The concept of Chang Thokpa (ꯆꯪ ꯊꯣꯛꯄ) is a central religious and philosophical tradition of the Meitei people of ancient Kangleipak (present-day Manipur). This tradition is deeply rooted in Meitei culture and has been practiced in rituals and ceremonies of the Meitei indigenous religion (Sanamahism) since ancient times. Common expressions such as "Laphoi Laphang Chang Thokpa", "Heiram Taret, Leiram Taret", and "Ngaram Taret, Sharam Taret" reflect this enduring custom.

These practices reflect the deep spiritual and philosophical heritage of the Meitei civilization that once shone with advanced thinking and symbolic systems long before colonial or external religious influences.

== Etymology ==

The term Chang Thokpa comes from the philosophical Meetei language called Wang-u-lon.

- Chang (ꯆꯪ) means “everything that exists” — it represents creation, existence, and vitality without the idea of death.

- Thokpa (ꯊꯣꯛꯄ) means “to originate” or “to come out” — referring to ongoing creation and life.

Together, Chang Thokpa symbolizes the eternal source of life and creation, believed to be the Ultimate Reality in Meetei belief.
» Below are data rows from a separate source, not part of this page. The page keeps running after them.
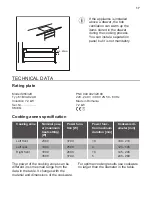 Preview for 17 page of Smeg SI5632D User Manual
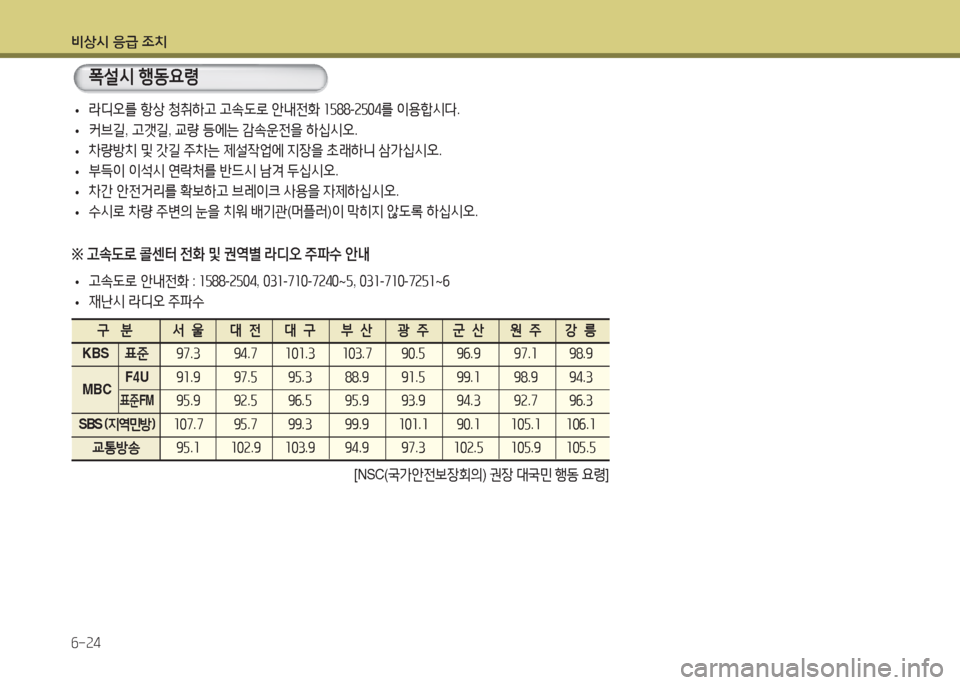Hyundai Blue City 2016  블루시티 - 사용 설명서 (in Korean) 비상시 응급 조치
6-24
 •라디오를 항상 청취하고 고속도로 안내전화 1588-2504를 이용합시다.
 •커브길, 고갯길, 교량 등에는 감속운전을 하십시오.
 •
== Concept of Ama (One God) ==

Meetei Mayek digit one, Ama

The Meetei people worship a supreme, formless, and deathless creator known as Ama (ꯑꯃꯥ), meaning "One". This idea comes from the ancient Meetei scripture called the Puya, especially the text Wakoklon Heelel Thilel Salai Ama-Ilon.

According to the scripture:

- Ama (ꯑꯃꯥ) existed in a primordial state — shapeless and formless.

- Ama is described as Kampi — a concept meaning Fire, Light, and Heat, which are considered the first conditions of life.

In Meetei philosophy:

- Words used in creation are called Inunglon (divine language).

- Everyday language is called Khunnunglon (human language of habitation).

- Because Ama is Fire, Light, and Heat, the Meetei people have always included fire or light in their worship rituals since ancient times.

== One and seven in Meetei beliefs ==

The numbers 1 (One) and 7 (Seven) are sacred in Meetei culture:

- One (Ama)
  - Represents the Ultimate Reality.
  - Seen as the source of all creation.
  - It is the symbol of the divine creator, also known as Ipung Loinapa Apakpa.

- Seven (Taret)
  - Symbolizes the seven clans (Salais) of the Meetei people.
  - Represents the seven layers of space (Nonglon Talet).
  - Each Salai has its own color and identity.
  - The seven divine components are known as the Laipungthous, considered manifestations of the One Reality.

This is why the Meetei people offer items in sets of seven in rituals — to represent the connection with the divine.

== Ritual practices ==

Examples of Chang Thokpa in daily and ceremonial life include:

- Heiram Taret (ꯍꯩꯔꯝ ꯇꯔꯦꯠ): Seven types of fruits.

- Leiram Taret (ꯂꯩꯔꯝ ꯇꯔꯦꯠ): Seven types of flowers.

- Ngaram Taret (ꯉꯥꯔꯝ ꯇꯔꯦꯠ): Seven types of fish.

- Saram Taret (ꯁꯥꯔꯝ ꯇꯔꯦꯠ): Seven types of animals.

- Marriage ceremony (ꯂꯨꯍꯣꯡꯕ): The bride circles the groom seven times before placing the garland.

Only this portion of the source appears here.